> _What is being asked_:
At the line with "DEVLIN SQUARE - Residential", start transcribing; stop after the last line of the data below. Keep it exact and leave pictures out.

(Data for the task Opens)

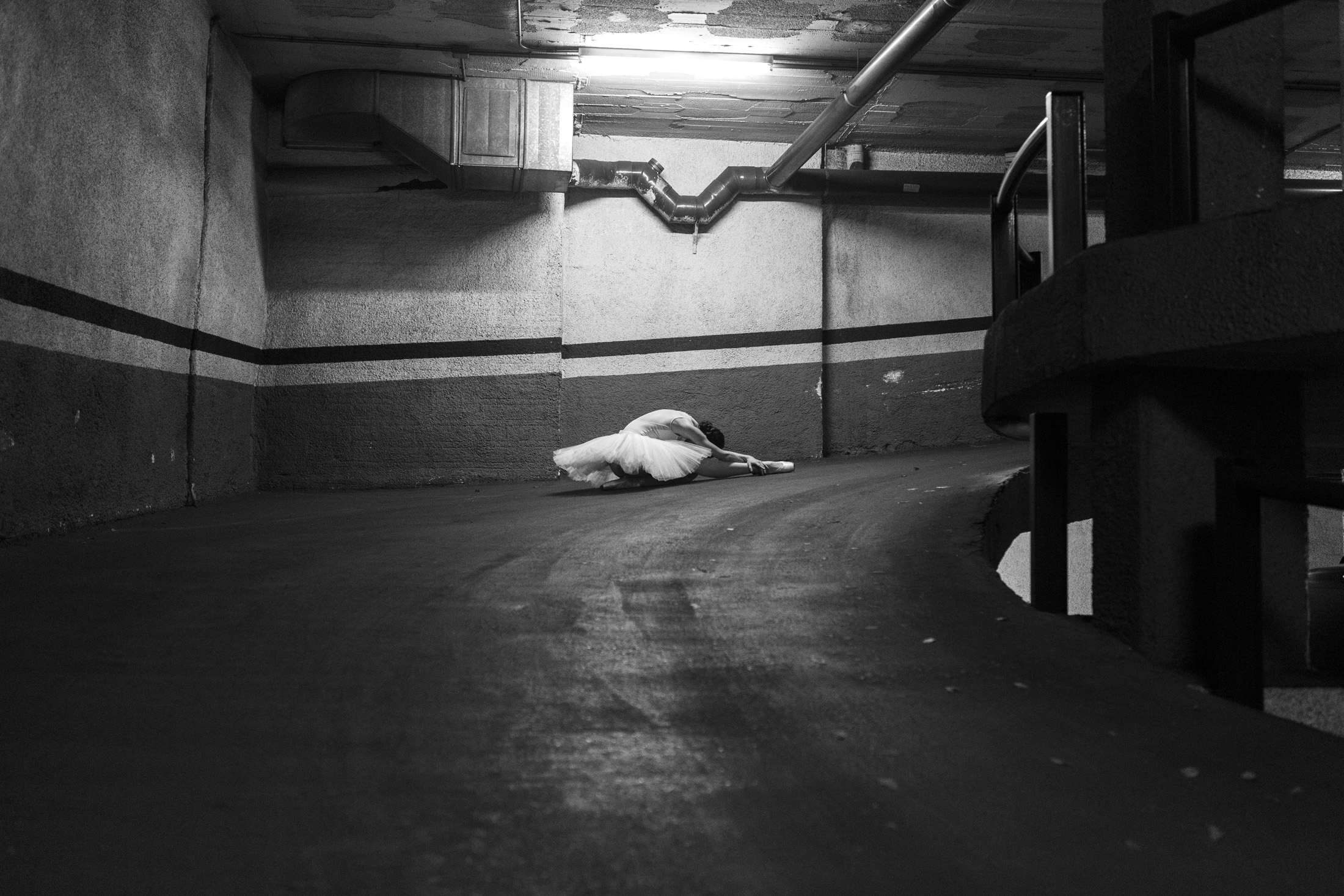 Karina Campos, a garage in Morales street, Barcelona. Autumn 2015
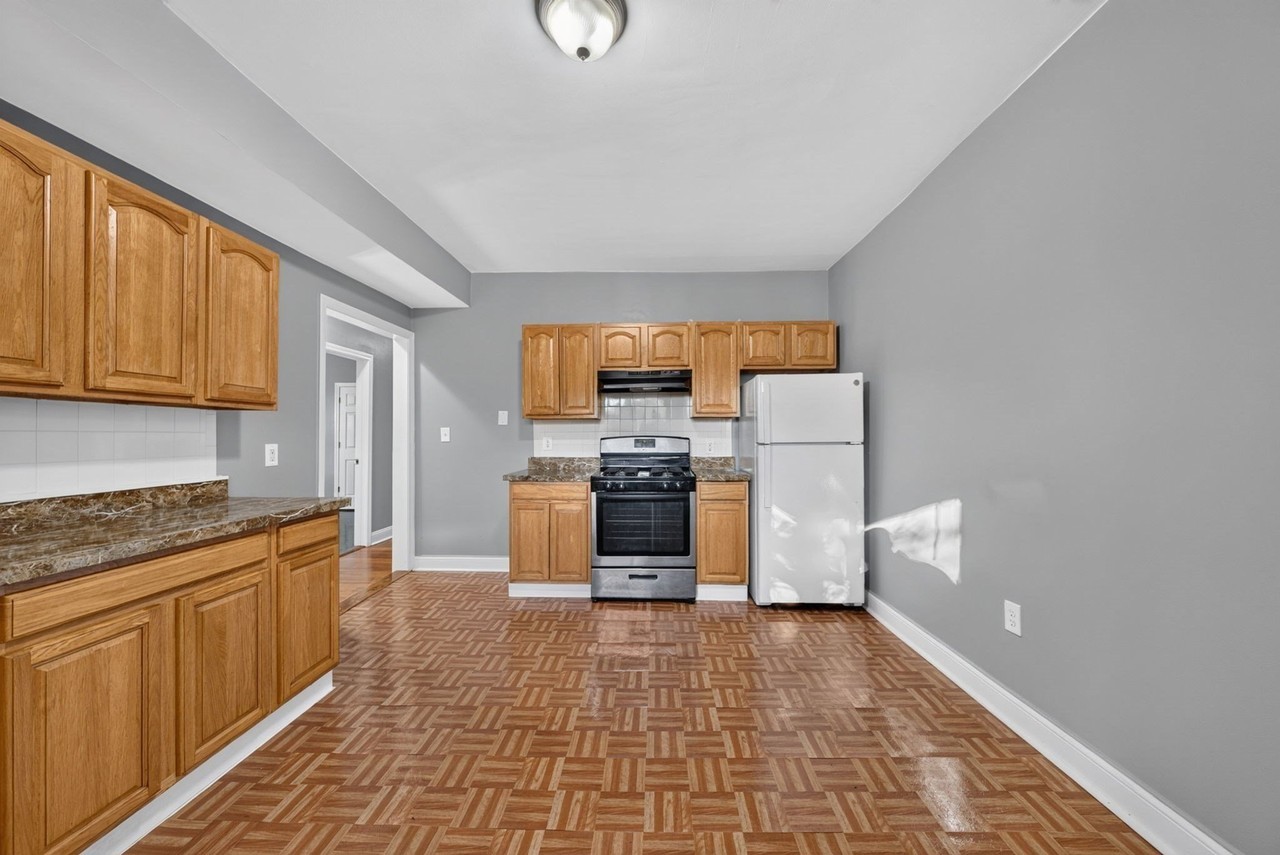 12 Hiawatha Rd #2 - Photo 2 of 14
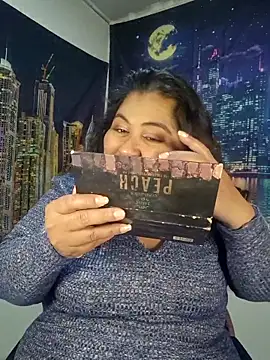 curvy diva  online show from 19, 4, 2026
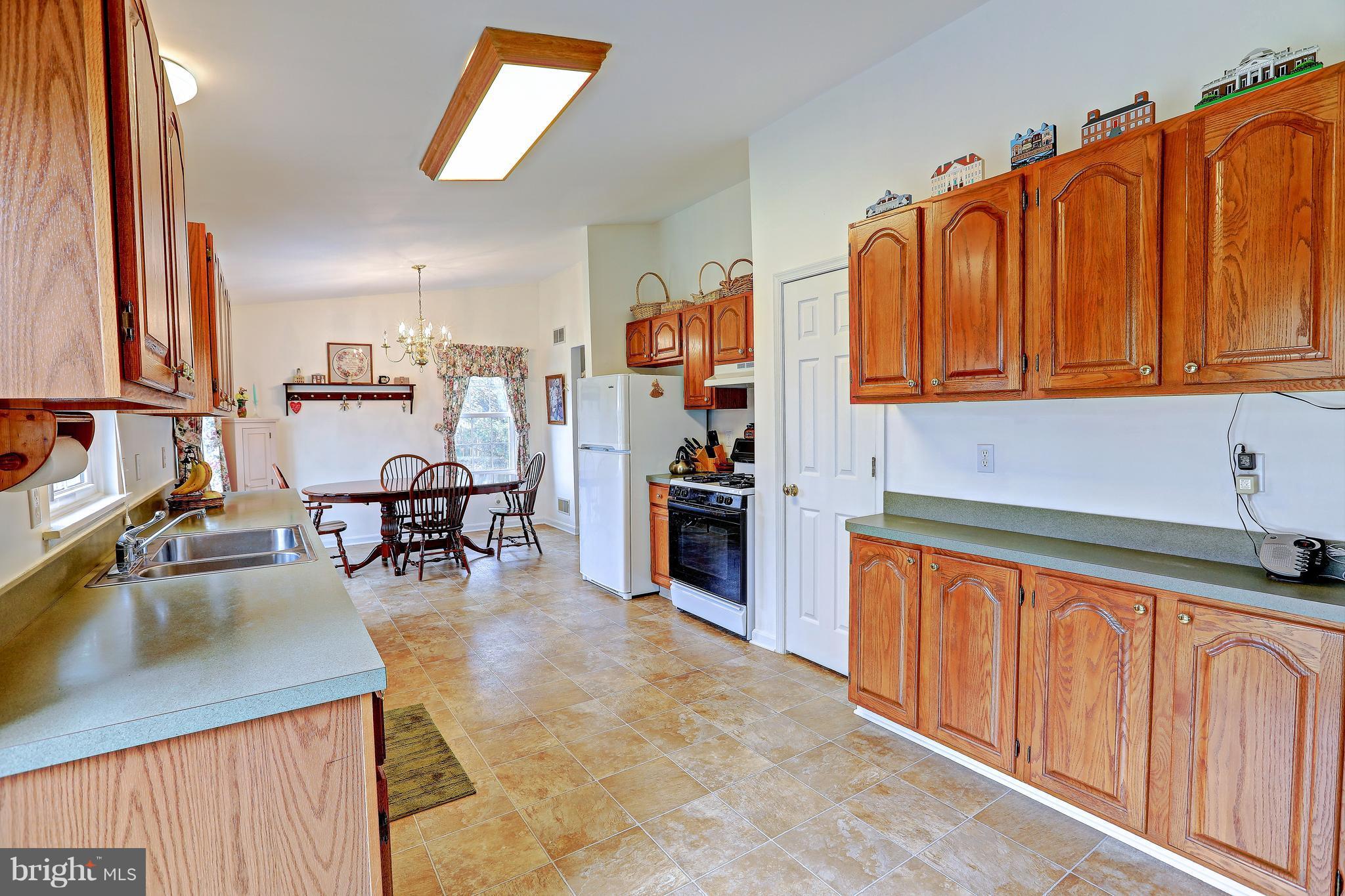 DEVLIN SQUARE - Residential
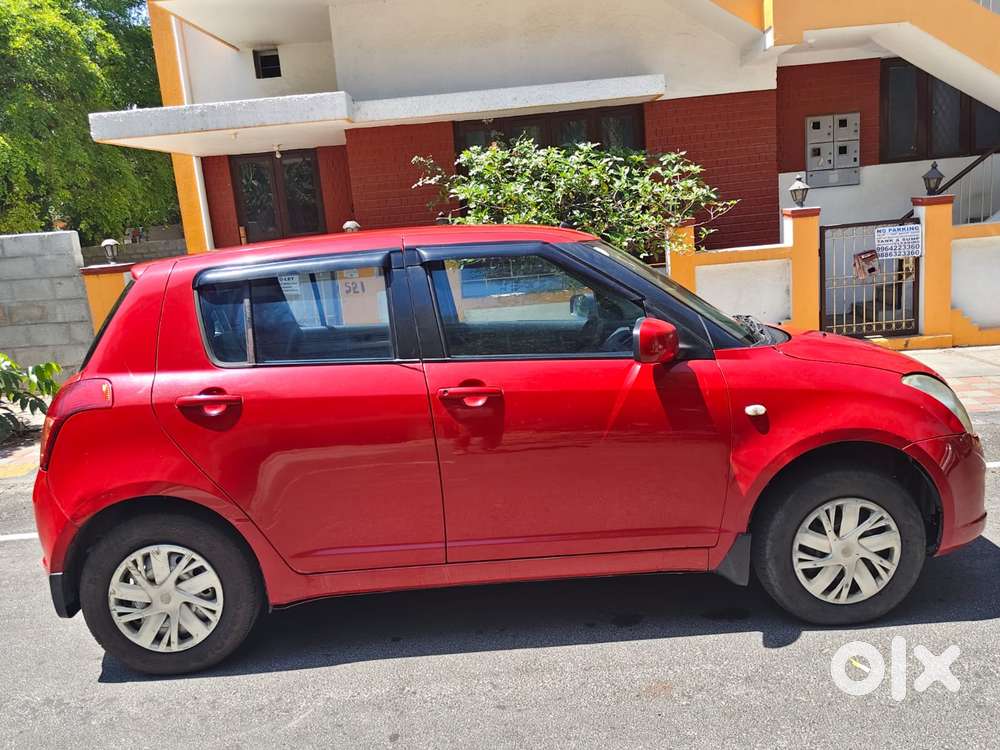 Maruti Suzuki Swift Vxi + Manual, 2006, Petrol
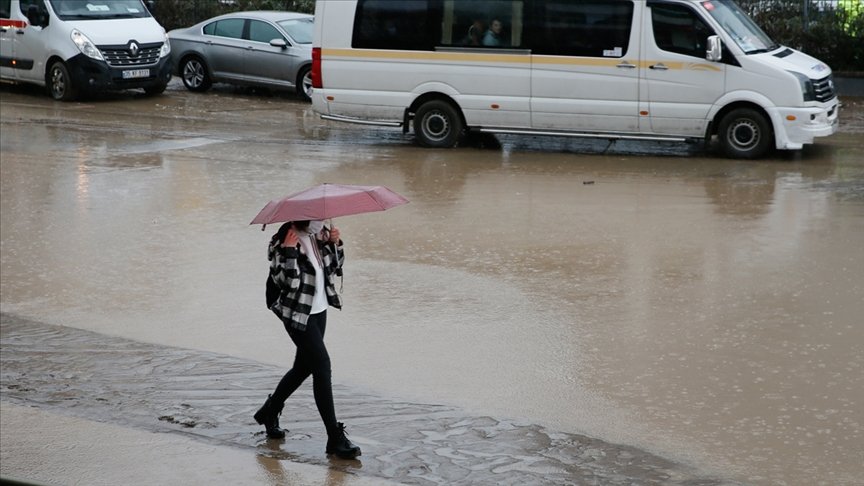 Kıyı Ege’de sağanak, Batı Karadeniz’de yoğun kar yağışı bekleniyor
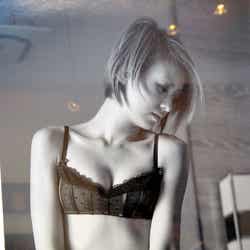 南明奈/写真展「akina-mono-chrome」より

(Data for the task Closes)

> _Written response_:
 DEVLIN SQUARE - Residential
 Maruti Suzuki Swift Vxi + Manual, 2006, Petrol
 Kıyı Ege’de sağanak, Batı Karadeniz’de yoğun kar yağışı bekleniyor
 南明奈/写真展「akina-mono-chrome」より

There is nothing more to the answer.